As you explore the southern end of the Appalachian Mountains, you’ll come upon many waterfalls. Perhaps none is more impressive, or easier to access, than Amicalola Falls.
Amicalola Falls State Park is located on Georgia Rte. 52, about a 90 minute drive north of Atlanta. From Atlanta, take I-75 north to I-575. When the freeway ends, continue north on Rte. 5. At Talking Rock, turn right on Rte. 136. When you reach Rte. 183, turn left, then right on Rte. 52. There will be signs all along the way, so it’s not as complicated as it sounds.
Amicalola Falls is the highest cascading waterfall east of the Mississippi River.
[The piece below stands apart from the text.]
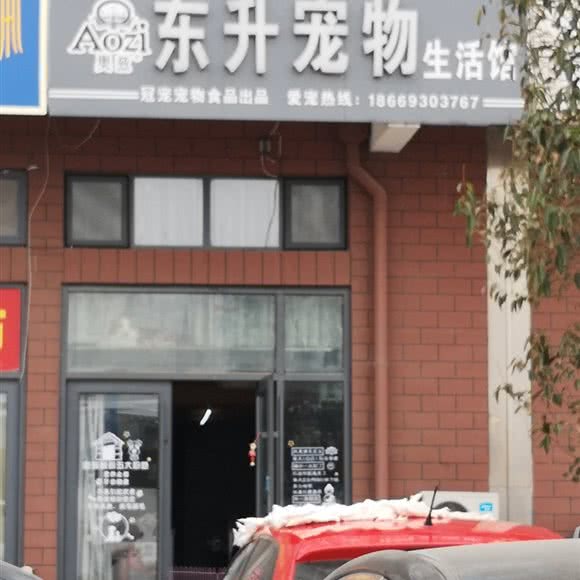 永华宠物:临沂市河东区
From the top, a tiny stream tumbles 729 feet over the mountainside.
Amicalola Falls is easily accessible, in the sense that there’s a nice, two lane paved road that leads to a large parking lot, not far from the bottom of the falls. But to really appreciate the most beautiful portion of the cascade, you’re going to have to climb some stairs.
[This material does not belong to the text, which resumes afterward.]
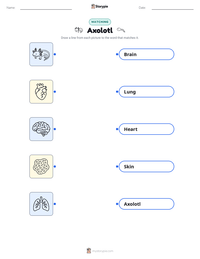 Axolotl printable worksheet for kids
Starting from the parking lot, you’ll climb a mildly-steep, handicapped-accessible slant to the lowest viewpoint. Here, you’ll have an up-close view of some smaller cascades (like the one above), and a partial view of the best part of the falls, high on the mountainside.
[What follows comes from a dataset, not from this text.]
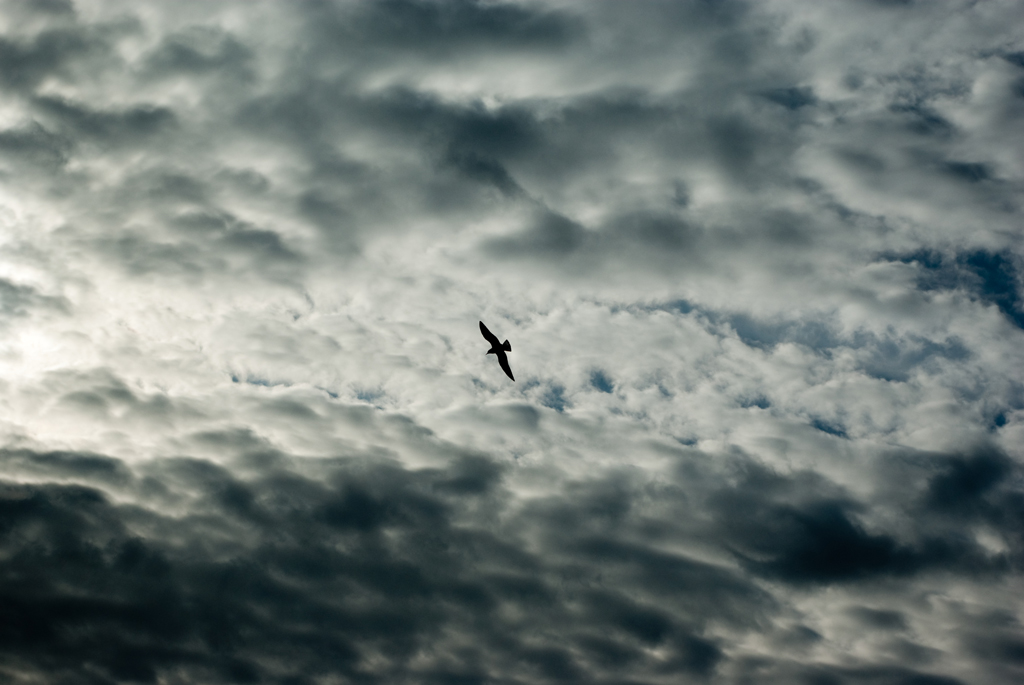 Gabbiano tra le nubi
If you’re capable of climbing the 175 stairs that lead to this next viewpoint, I strongly suggest you do it. The staircase may leave you out of breath, but the view from the bridge, just below the cascade, is equally breathtaking.
There aren’t many different ways to take a picture of this portion of the falls, since you’re forbidden from leaving the path, but the right end of the bridge will provide a nice place for a shot.
If 175 steps weren’t enough of a challenge, how about 425 more? I decided to tackle this strenuous string of staircases, not knowing at the time that there was a road that led to the top. Of course, the fact that there is a lodge at the top should have been my first clue that there was an alternative to the stairs.
425 steps later (or a couple of miles of driving), and this is where you end up. Stand for a moment at the very top of the falls and watch as the tiny creek takes its plunge over the southern edge of the Appalachian Mountains.
Since I climbed my way to the top, instead of taking the road, I had to go back the same way I came. Going down stairs should be easier than going up, but it isn’t.